Is it possible to find such a computable function $f(n)$, there doesn't exist a limit point for $\lim_{n\to\infty} \frac{\sum_{k=1}^{n}f(k)}{2n} ?$

Question

Let, $a_n=\left\{a_1,a_2,a_3,\cdots, a_{n\to\infty}\right\}$ be a computable infinite sequence, or $f(n)=\left\{a_n\right\}_{n\in\mathbb N}$ be a computable function, where $i≥1, ∀ a_i\in\left\{0,1,2\right\}$.

We have $$0≤\lim_{n\to\infty} \frac{\sum_{k=1}^{n}a_k}{2n}≤1$$

For example:

Let, $$a_n=\left\{0,1,2,0,1,2,0,1,2\cdots \cdots\cdots\right\}$$ or $$f(n)=n+2-3 \left \lfloor {\frac{n+2}{3}}\right \rfloor$$

Then, we get

$$\sum_{i=1}^{n}a_n=\left \lfloor{\frac{n - 2}{3}}\right\rfloor + 2 \left(\left\lfloor{\frac n3}\right\rfloor + 1 \right) + 1$$

So, we have

$$\lim_{n\to\infty}\frac{\sum_{i=1}^{n}a_n}{2n}=\frac{\left \lfloor{\frac{n - 2}{3}}\right\rfloor + 2 \left(\left\lfloor{\frac n3}\right\rfloor + 1 \right) + 1}{2n}=\frac 12$$

This result imply, if $f(n)=n+2-3 \left \lfloor {\frac{n+2}{3}}\right \rfloor$ there exist a stationary limit point for $\lim_{n\to\infty} \frac{\sum_{k=1}^{n}f(k)}{2n}$, which equals to $\frac 12.$

And here is my question:

If the function $f(k)$ is computable, is there always a limit point for $\lim_{n\to\infty} \frac{\sum_{k=1}^{n}f(k)}{2n}$ or is it possible to find such a computable function $f(n)$, there doesn't exist a limit point for $\lim_{n\to\infty} \frac{\sum_{k=1}^{n}f(k)}{2n}$ ?

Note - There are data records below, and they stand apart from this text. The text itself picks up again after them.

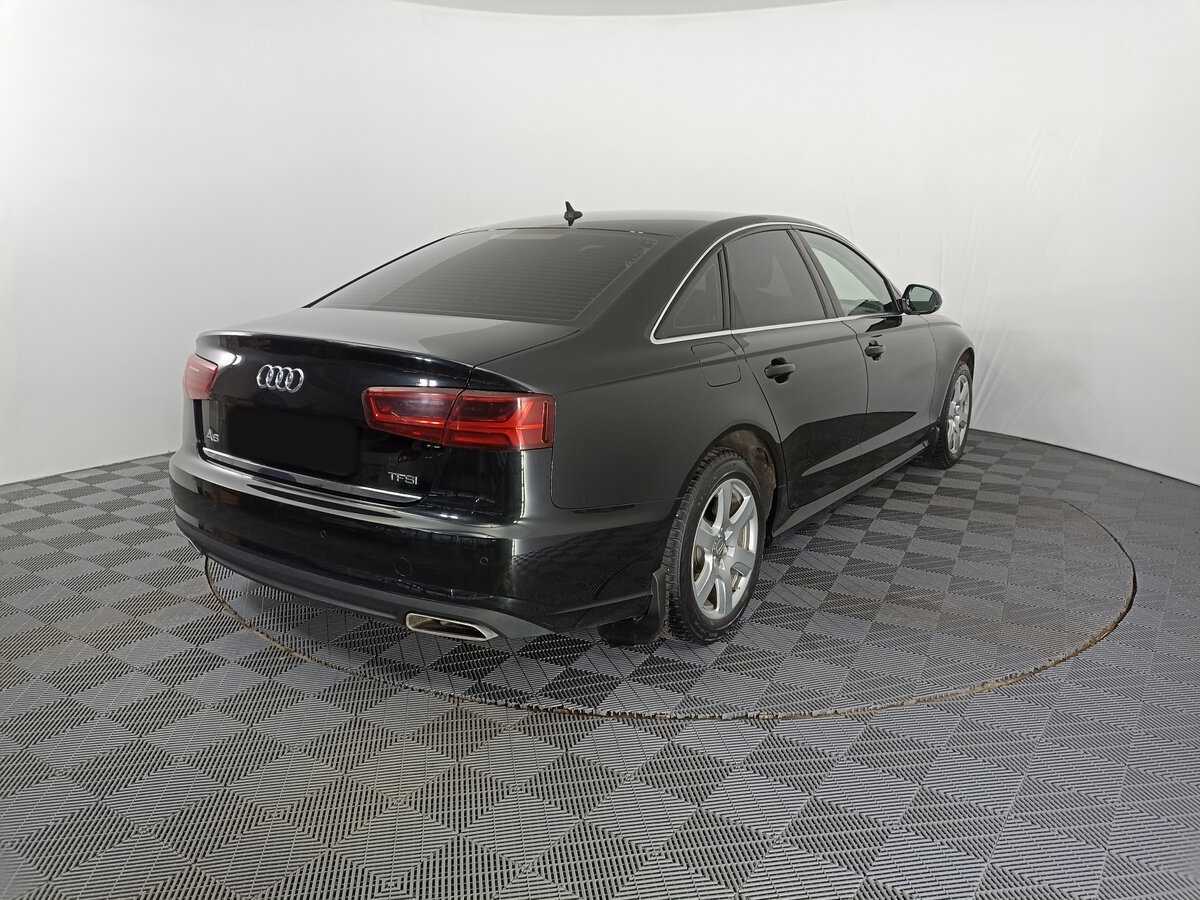 Купить Audi A6 с пробегом. Фото: #4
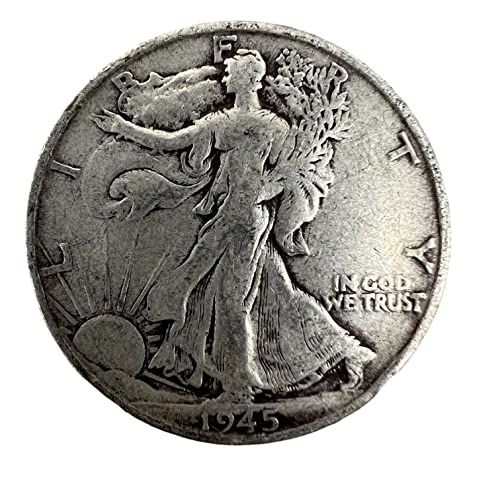 Walking Liberty Half Dollar XF/VF 90% Silver Extra Fine Half Dollar Very Fine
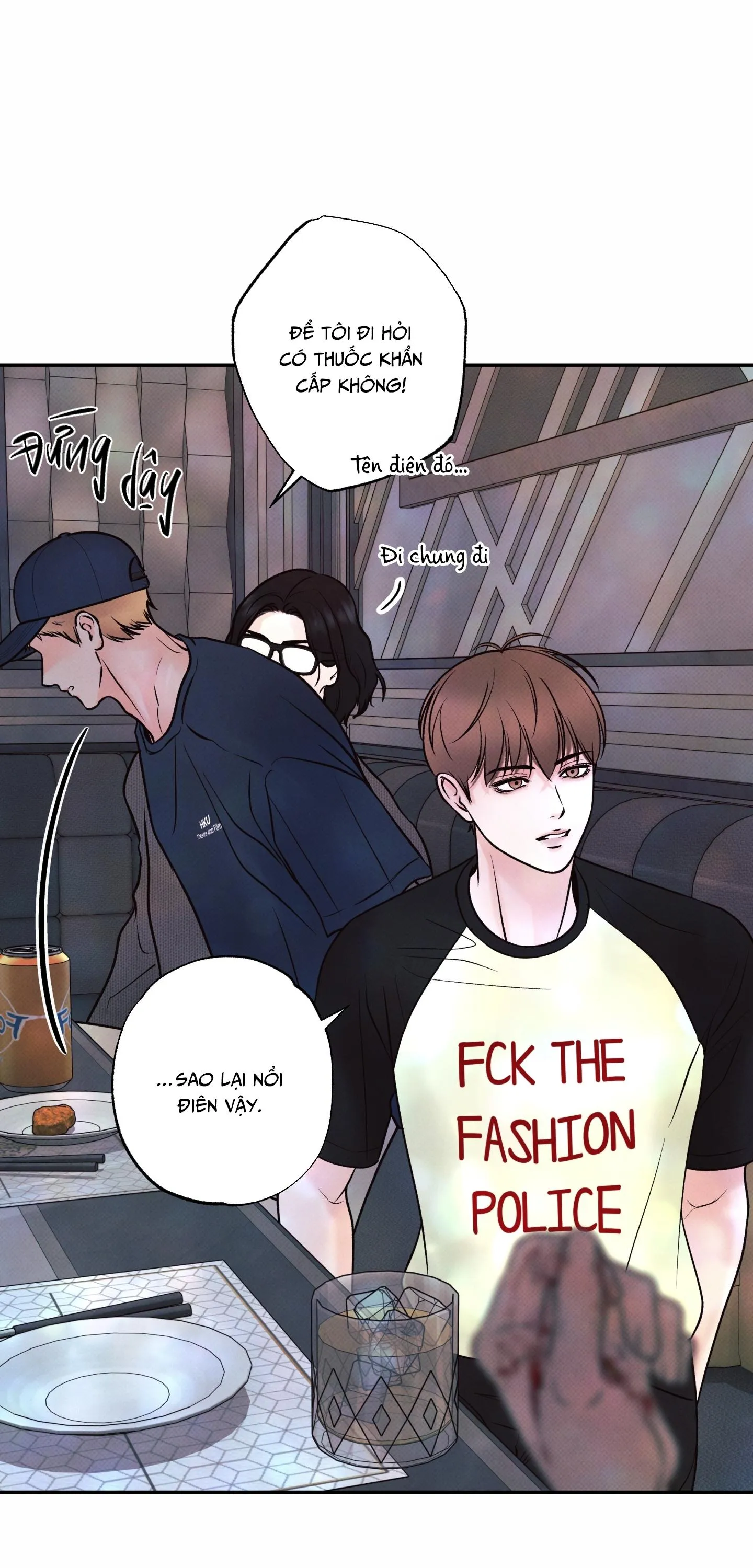 RANH GIỚI CỦA SỰ MÊ HOẶC Chapter 27 Trang 68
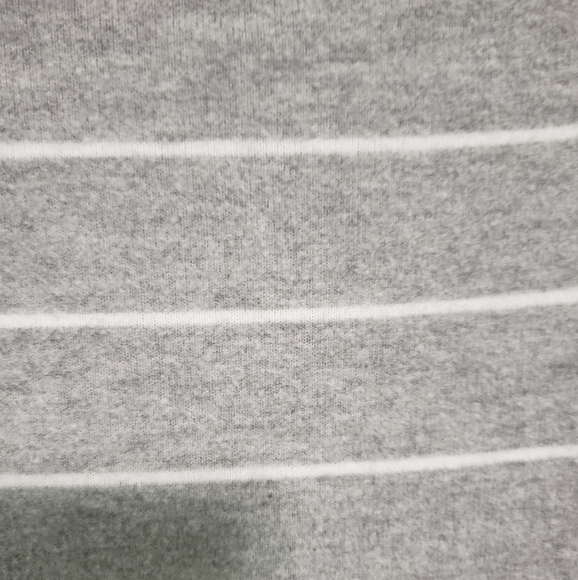 Striped mock neck pullover - Picture 3 of 4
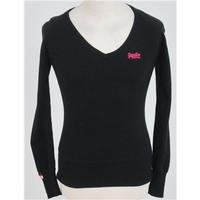 Super Dry, size XS black jumper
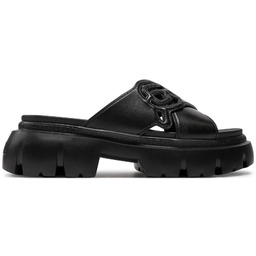 Klapki KARL LAGERFELD KL83504 Czarny
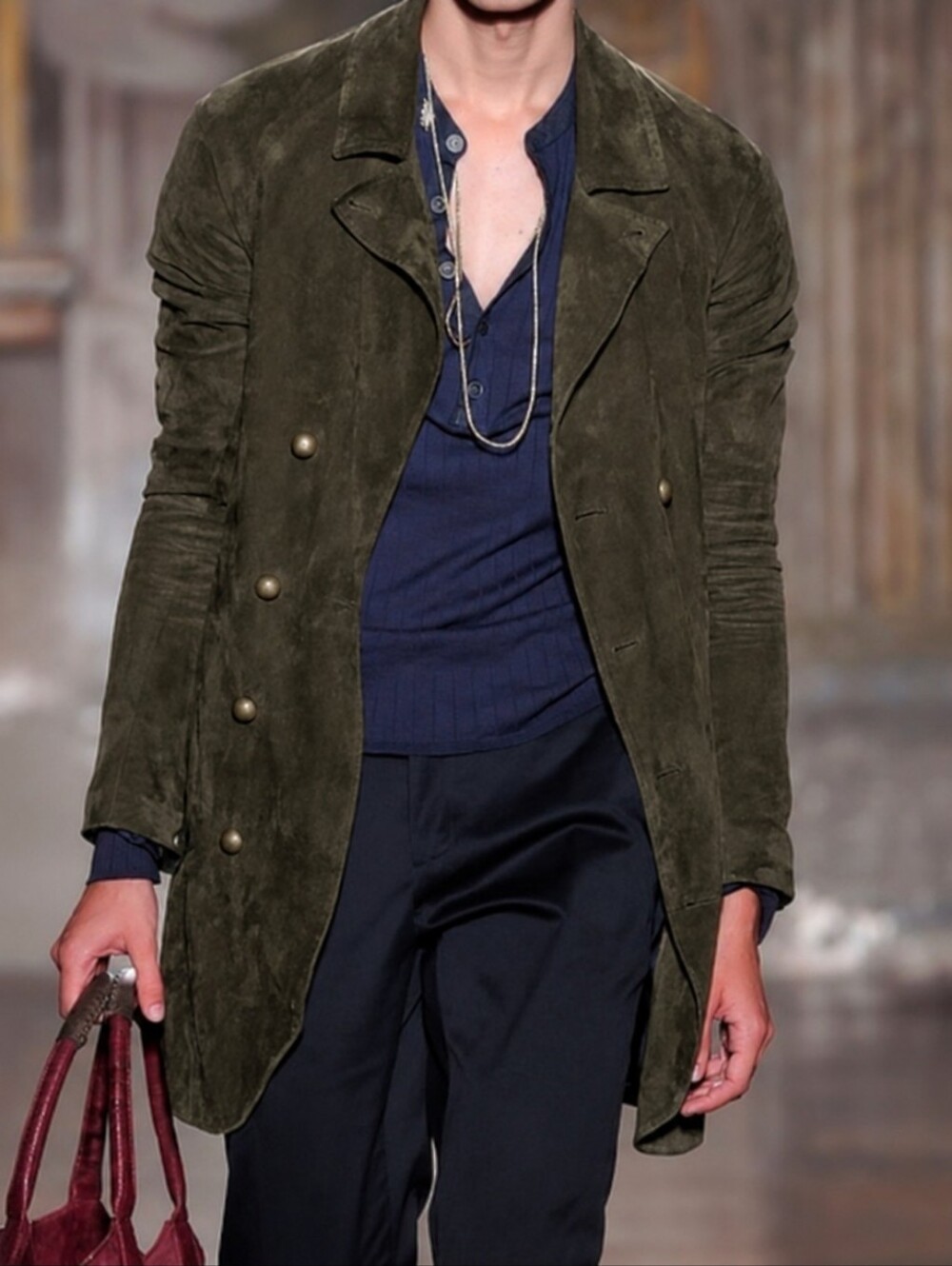 Double Breasted Jacket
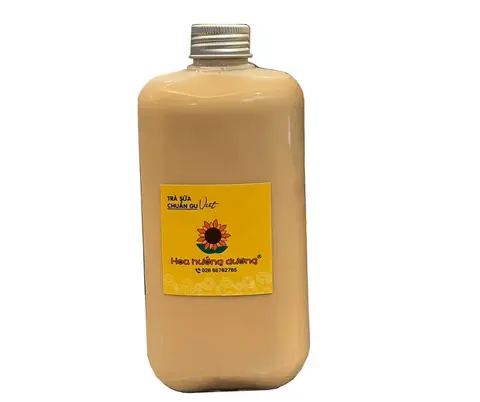 Hình ảnh Trà sữa truyền thống chai 500ml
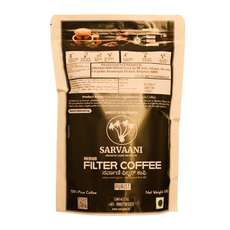 SARVAANI Premium Filter Coffee - 100% Pure Coffee - Purist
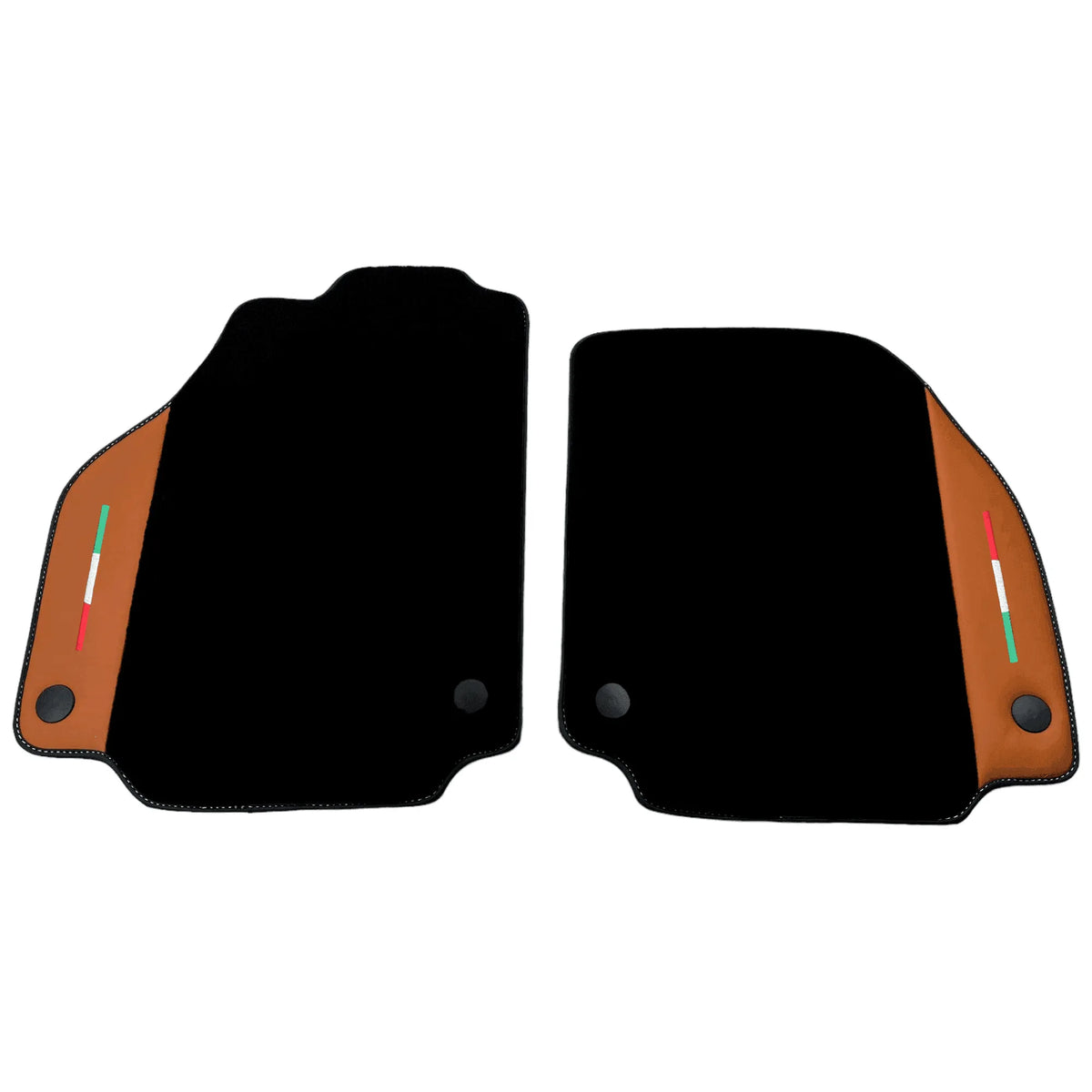 Floor Mats for Ferrari 458 GT2 (2012-2015) with Cuoio Nappa Leather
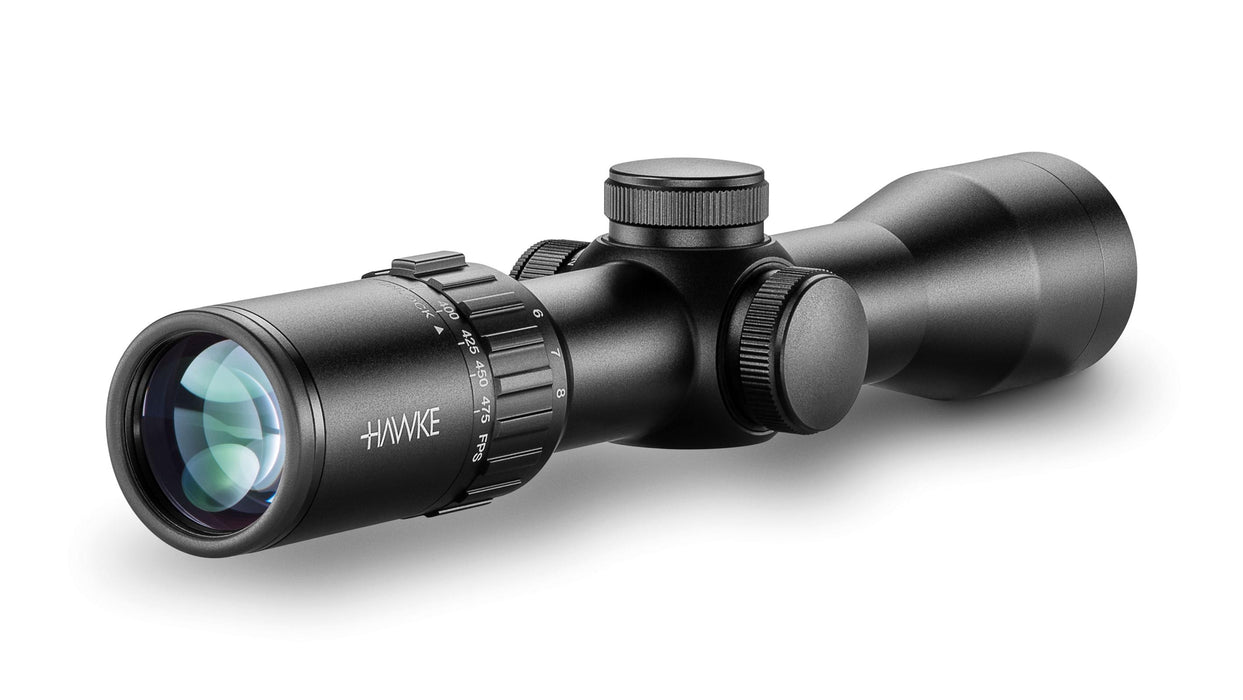 Hawke 2-8x 36mm XB30 Compact SR Crossbow Scope ~ #12227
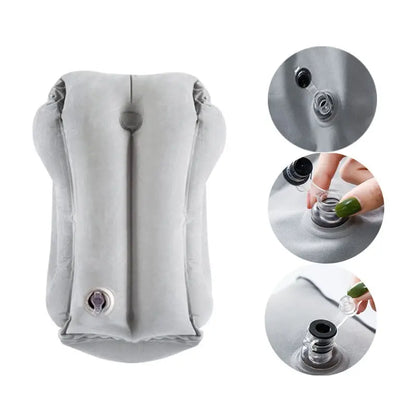 Inflatable Air Cushion Travel Pillow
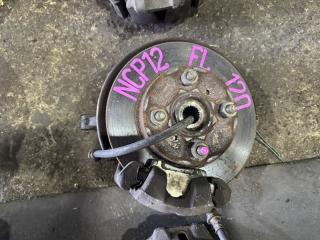 Ступица левая передняя TOYOTA VITZ NCP10 2WD, ABC 1 ракурс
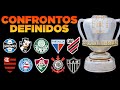  sorteio da terceira fase da copa do brasil 2024  confrontos definidos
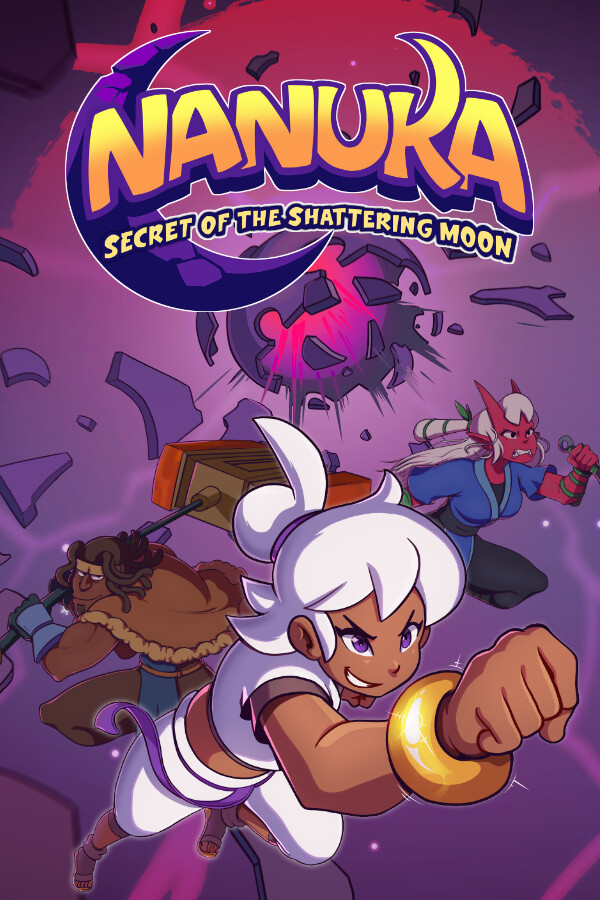Steam portrait for Nanuka: Secret of the Shattering Moon.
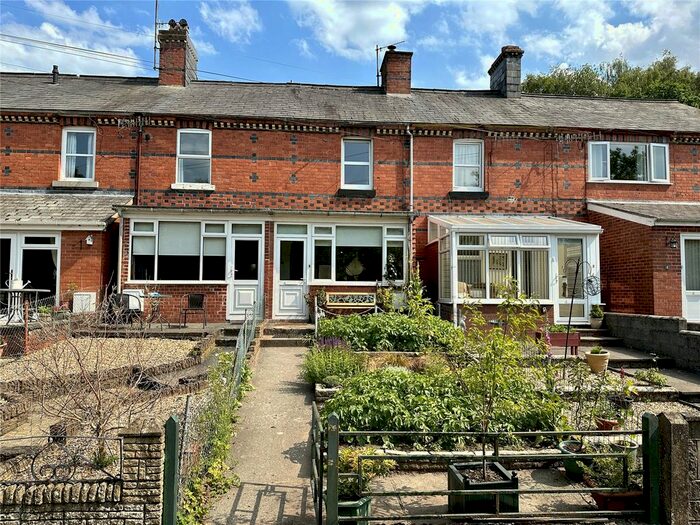 2 Bedroom Terraced House For Sale In Hafren Terrace, Llanidloes, Powys, SY18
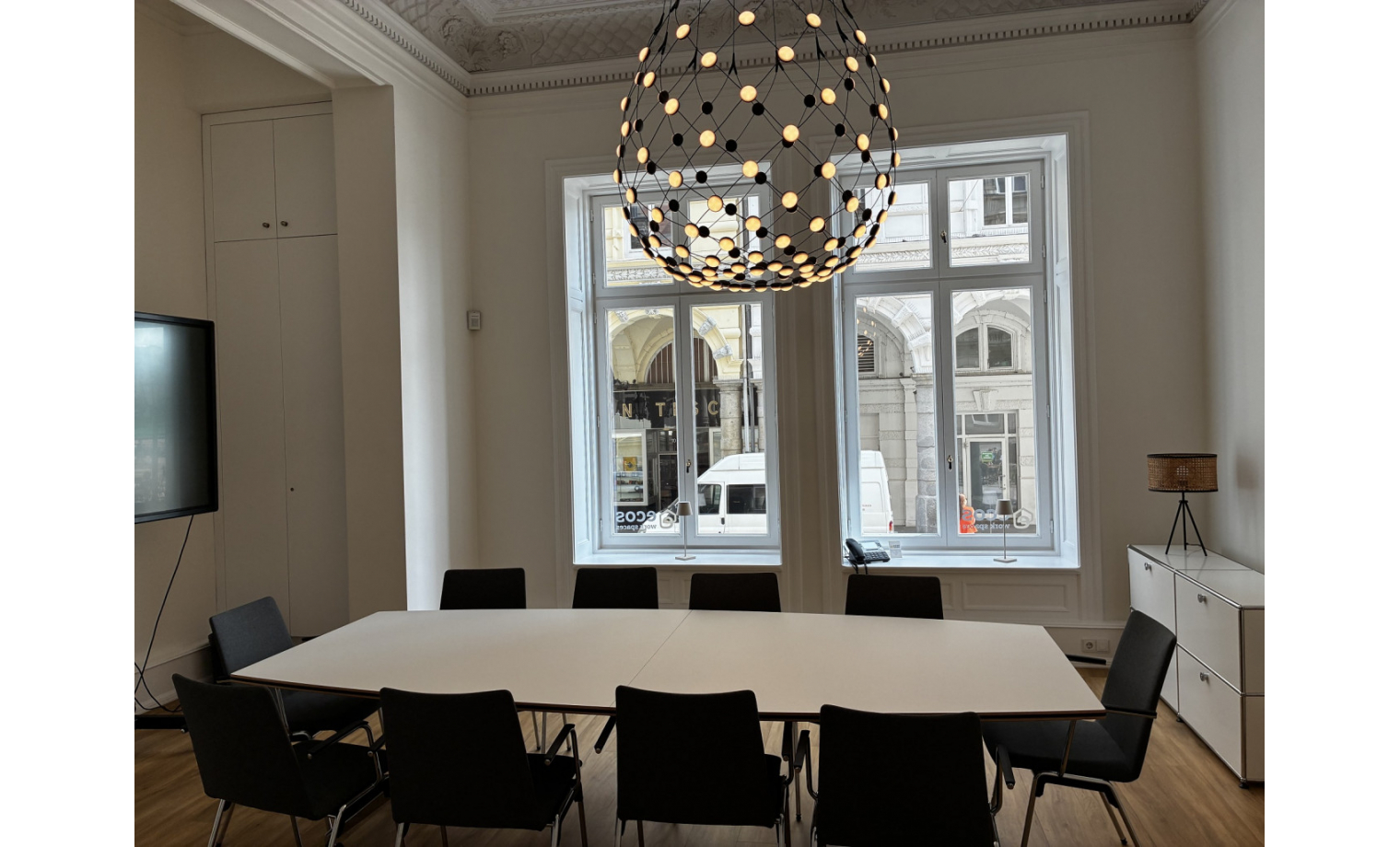 Büro auf Zeit Colonnaden Hamburg Neustadt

I mean, $$\lim_{n\to\infty}\text{sup} \frac{\sum_{k=1}^{n}f(k)}{2n}≠\lim_{n\to\infty} \text{inf}\frac{\sum_{k=1}^{n}f(k)}{2n}$$

Answer 1

Here is mine. $f(k) = 0$ if $k$ has an even number of digits, and $f(k) = 1$ if $k$ has an odd number of digits.

So:
$f(k) = 1$ for $k$ from $1$ to $9$, since $k$ has $1$ digit and $1$ is odd.
$f(k) = 0$ for $k$ from $10$ to $99$, since $k$ has $2$ digits and $2$ is even.
$f(k) = 1$ for $k$ from $100$ to $999$, since $k$ has $3$ digits and $3$ is odd.
$f(k) = 0$ for $k$ from $1000$ to $9999$, since $k$ has $4$ digits and $4$ is even.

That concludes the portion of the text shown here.